Big noise, New York

Big noise, New York

We want to think that, when a large Boom hits, there exists a studied reason behind that big ol' noise. That, whatever the hell that was, it was well-considered.

Someone or something thought long and hard before, listen, we still don't know, maybe a transformer went. Maybe a truck jake braked off the exit over there and the whole thing dropped.

Because our brain don't know what's up, we assume someone on the other side has double the allowance, enough to remind us not to use "don't know" in that instance.

Usually we fall victim to this uninformed belief when the entity we're crediting has multiple, multiple allowances. They have that money for a reason, we think, and the reason ain't bein' dumb.

We'll never give James Dolan credit for his money, what a dweeb, but the Knick front office earned the pause that roogalates: New York put together a great team, so of course they have a plan behind firing Tom Thibodeau.

And of course the plan ran beyond "fire Tom Thibodeau," right?

NBA news cycles come in the shape of errands. Drive to the dry cleaners, Thibs is still Knick coach.

Fill out information on the dry cleaner's screen, with the nice lady helping you the entire time, tapping in an out of state phone number, Thibs still Knick coach. Hand your coats over, be told by the nice lady that they can't clean any coats before Game 4, take your coats back, apologize for the entire misunderstanding, accept just as many apologies, walk back to the car, Thibs fired.

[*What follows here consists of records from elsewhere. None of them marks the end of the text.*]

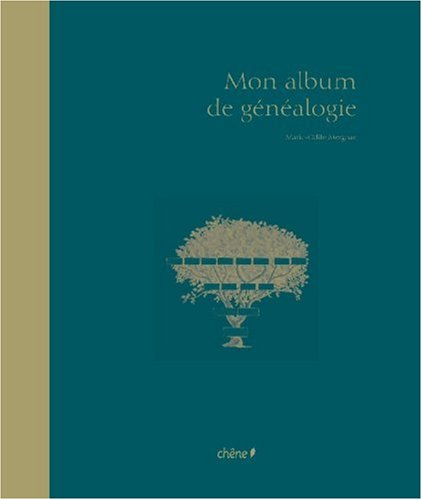 Mon album de généalogie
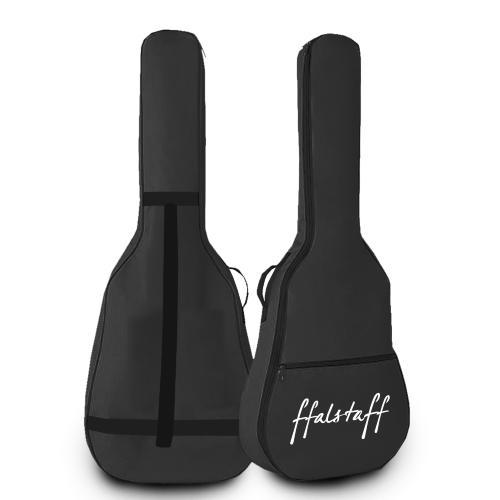 Borsa per Chitarra Acustica 4/4 (Nera)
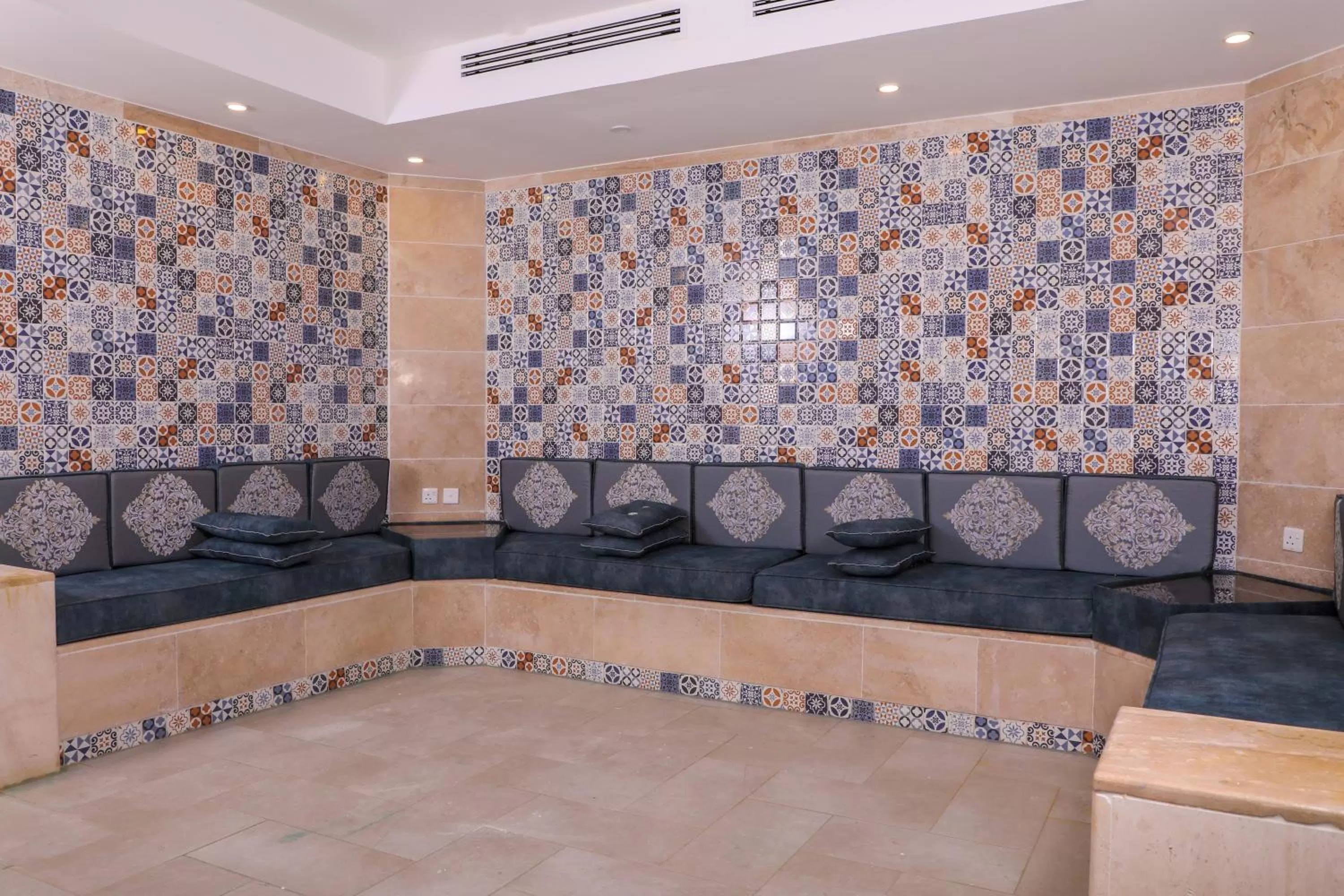 Massage in My Luxury Hotel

Unload the top part of the dishwasher, Kyrie Irving's a Cav. Unload the bottom? Kyrie Irving asked out of Cleveland. Push a stroller to the park? Good, they finally traded Davis to the Lakers. Pricing stock pots? KAT is still with Minnesota. Drive to GFS to buy a stock pot? KAT is a Knick. Step away from the computer, gather the boxes to return to your aunt, check your phone, still no Bobby Portis news. Walk from the apartment to the train? Bobby Portis just re-signed with Milwaukee for curiously staid terms. Aunt should get her charger and purse and blouse and book by tomorrow at latest.

Dipping back home between parties to switch costumes? James Harden's out of Oklahoma City. Point is, these NBA blips can happen at any time.

And the blip between "Tom Thibodeau canned" and "Jason Kidd considered" will be all the Knicks have until Mike Brown leads them to the Finals.

The revelation that Jason Kidd of the Dallas Mavericks was New York's best idea ruined everything. Not because of Kidd, personally, but you can use that if you want.

Rather, the contract Kidd is under with another team, and the paucity of plan (Dallas likes Kidd, are we ready to send them three first-rounders?) ahead of Thibs' walking papers. Five years of goodwill extended toward Knick GM Leon Rose, shot to bits the minute we heard "Jason Kidd."

That little space right after Thibodeau was let go – when our brains suggested the Knicks could hire an up-and-coming assistant or swaggering minor league chief or ex-NBA player with a Steve Kerr-sized binder full of ideas – that was when the Knicks were last warm.

Right now, Manhattan in July, streets hotter than Venus in Leona Helmsley's furs? The Knicks are cold. So cold. Mike Brown might lead the Knicks to the Finals, but New York lost that edge. The blade that gave them a break after curious personnel moves.

Like when they dumped four first-round picks (boo) on a non-All-Star (booooooo) for a two-way swingman (eh?) whom everyone on the team adores (well alright) to play 3000 minutes for Thibs (KNICK FOR LIFE!!).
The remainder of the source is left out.